CONCEPT Cited by 1 source
Operation-based SLO¶
An Operation-Based SLO is a Service Level Objective defined per business operation / user journey (e.g., "checkout success rate ≥ 99.9%", "search latency p99 ≤ 500ms") rather than per individual service. It is a direct consequence of CBO taxonomy + fleet- wide distributed tracing: once the root span of a user-facing operation carries success/failure attribution across N services, its SLO is measurable without summing per-service availabilities.
Definition¶
"Finally, through our use of Distributed Tracing, and Adaptive Paging, we made a significant change in our SLO strategy. We moved away from service based SLOs, and started rolling out Operation based SLOs." — sources/2021-09-20-zalando-tracing-sres-journey-part-ii
Three defining properties:
- Scope is the user-facing operation, not the service — "checkout", "item view", "add to cart", "sign in", each with its own error-budget and target.
- SLI is measured at the root span of the traced request, so a failure anywhere in the compound trace (including non-critical downstream) counts as a CBO failure.
- Ownership is the operation's orchestrating team, not a single service team — though fault routing uses adaptive paging to reach the actually-responsible service.
The service-based SLO failure mode¶
Service-based SLOs are the SRE-book default but collapse at microservice scale:
- Compound availability gap. If a user journey touches 15 services at 99.9% each, compound availability is 0.999^15 ≈ 98.5% — vastly worse than any single SLO suggests. Users experience 1.5% failure; dashboards show all green.
- Fan-out attribution. A per-service SLO gets "credit" for being available even when its response made the upstream fail (e.g., returns stale data, takes too long, returns 200-wrapping-500). Service X can be 99.99% per its SLO and simultaneously responsible for the CBO's 1% failure rate.
- Dependency hell for fault budgeting. If a compound user journey's error budget is consumed by service X's slow response, neither the upstream service nor X's service-level SLO flags it — the organisation's error-budget framework fails to allocate blame / guide fixing.
- Reliability theater.
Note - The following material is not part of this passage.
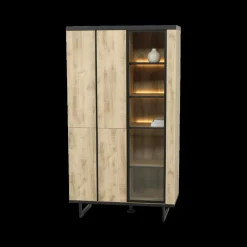 Ygo Eetkamer VIKTOR: Dressoir + Glaskast + Eettafel ABBEY 200x100 + 4x Stoelen LORRY Zwart| Woon- En Eetkamers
Teams optimise their own SLO without regard to the user journey. A green per-service SLO dashboard is compatible with a user revolt.
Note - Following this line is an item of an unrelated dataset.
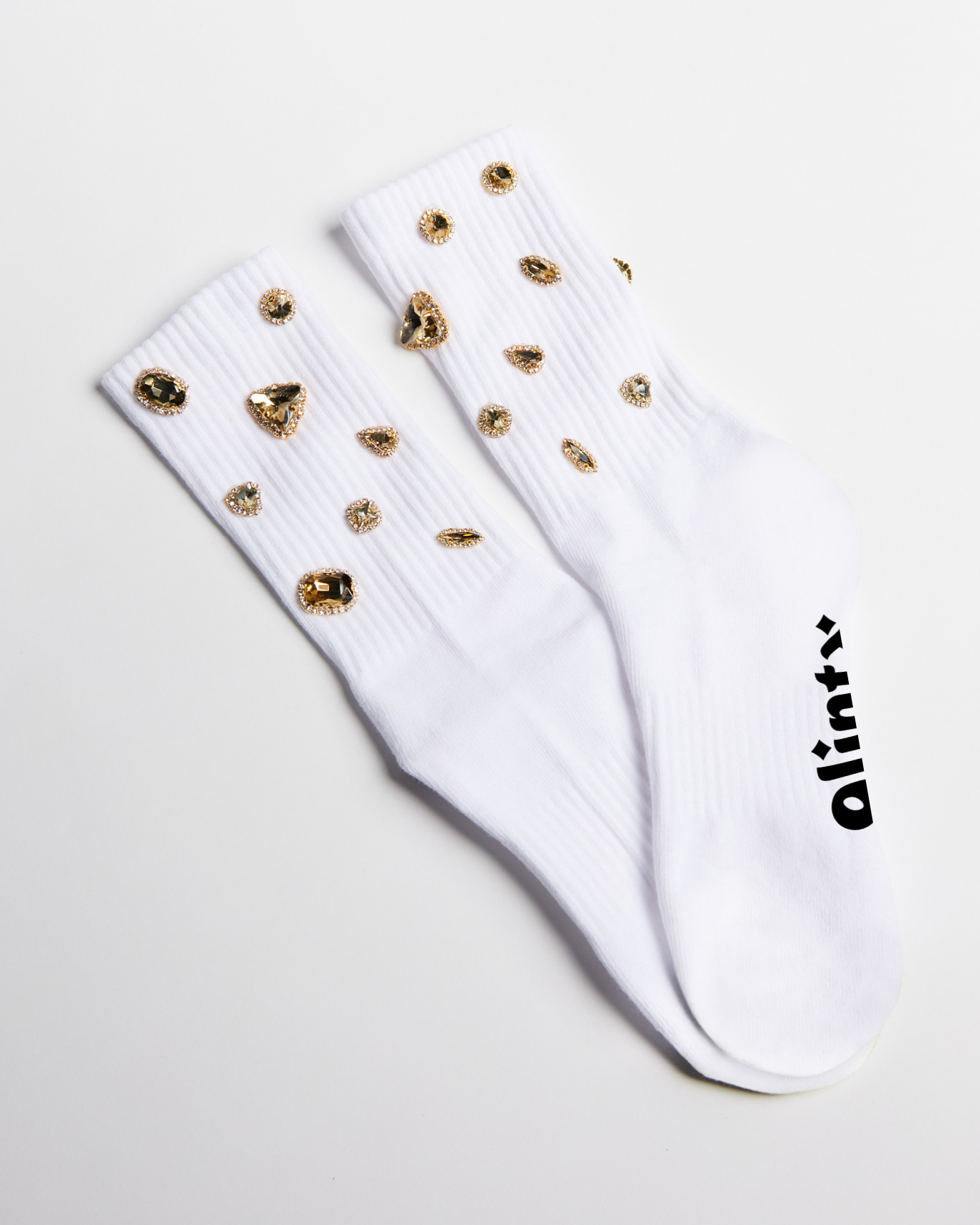 GLINTX BRAND - Wholesale Socks - Women's - Rebel Women's Socks with Champagne Crystal Rhinestones5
How operation-based SLOs fix it¶
- The SLI is "was the user's journey successful end-to-end?" measured at the root span. All compound failures surface.
- The SLO target is set at the user-experience level (99.9% checkout availability) rather than arbitrarily inherited per-service.
- Error-budget depletion triggers org-wide response — not just the service that happens to be at the tail of the trace.
- Service-tier classification + operation-based SLOs together give an org the SLO portfolio it needs: the Tier-1 CBOs (checkout, payments, sign-in) have tight SLOs; Tier-3 CBOs have looser ones; individual services no longer need bespoke SLOs.
Prerequisites¶
- Distributed tracing deployed on the CBO's full path with error + status attribution on the root span. OpenTracing / OpenTelemetry with canonical semantic conventions.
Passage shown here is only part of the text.